The Grandmaster by Wong Kar Wai


NOTE: I’m going to try something different this time. I’m going to approach this as both a film review and a guide on how to enjoy this film. And by that, I mean the original cut of the film. Not the Weinstein version.

The Grandmaster chronicles the life story of Ip Man, Bruce Lee’s master. Set in 1940s Fushan, Canton province, the martial arts community, lead by northern stylist Gong Yutian (played by Wang Qingxiang), is retiring and holds a challenge to select an heir to bring southern martial arts to the north. The southern community elects Ip Man (played by Tony Leung), the shining newcomer, up for the challenge. Ip Man develops a friendship with Gong’s daughter, Gong Er (played by Zhang Ziyi). The story crosses two decades as Ip Man and Gong Er stand the tests of life. The Japanese Army invasion of Fushan forces Ip Man into poverty and he resettles in Hong Kong. A mutiny within the Gong family sets Gong Er on a quest for revenge. In a time where age-old tradition is being replaced with modernity, how much can one uphold their principles? Who will live to pass on their lineage?

Who takes 14 years to make a movie? Wong Kar Wai is truly one-of-a-kind. He’s the only filmmaker who can take unlimited time with financial support and a team that is willing to plunge to the depths with him to explore every little detail in his stories. Watching a Wong Kar Wai film is the cinematic equivalent of taking a warm bath loaded with multi-colored bath salts in a room full of lush oil paintings. Everything is a visualized metaphor. Feelings matter more than character, and you’re invited to indulge and feel your way through what’s happening. And boy, nobody can visualize a metaphor like Wong Kar Wai.
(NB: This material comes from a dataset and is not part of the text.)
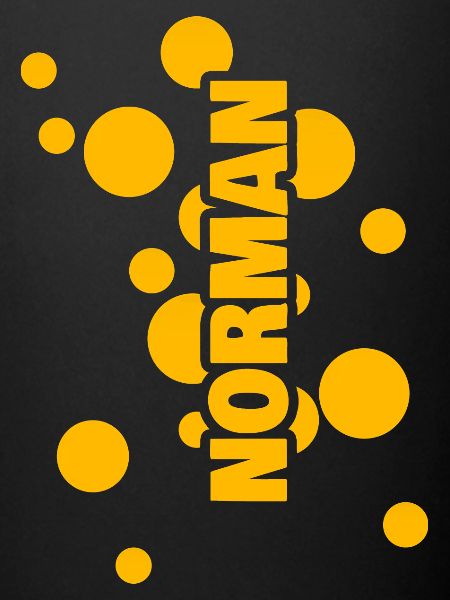 Nom Prénom Norman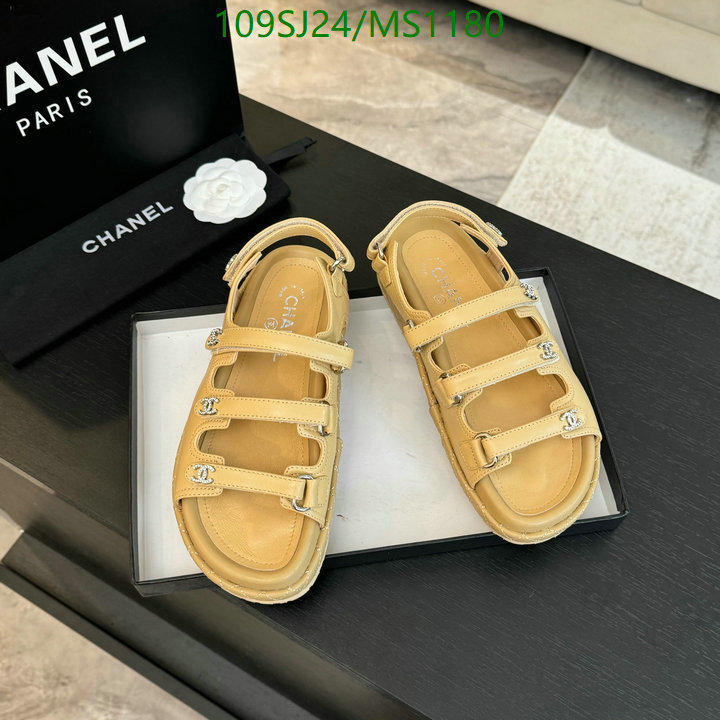 Chanel-Women Shoes Code: MS1180 $: 109USD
Phillipe Desourde’s photography and William Cheung Suk Ping’s art direction is top notch. People often attribute the credit to the cinematographer and overlook the fact that something has to be made beautiful in the first place to look beautiful on screen. The Golden Brothel and the train station sets are works of art.

Tony Leung’s Ip Man is portrayed akin to a normal gentleman. I’m the biggest Donnie Yen fan in the world and as good as he was playing a dramatized version of Ip Man, Tony Leung’s scholar-like image is closer to who Ip Man is in real life. On the kung fu side, Leung is not Donnie Yen but achieves the necessary physicality and fights more convincingly than the quick editing suggests. The subtle interplay between Tony Leung and Zhang Ziyi that teeters between a could-be romance and a genuine soul mate was played well too.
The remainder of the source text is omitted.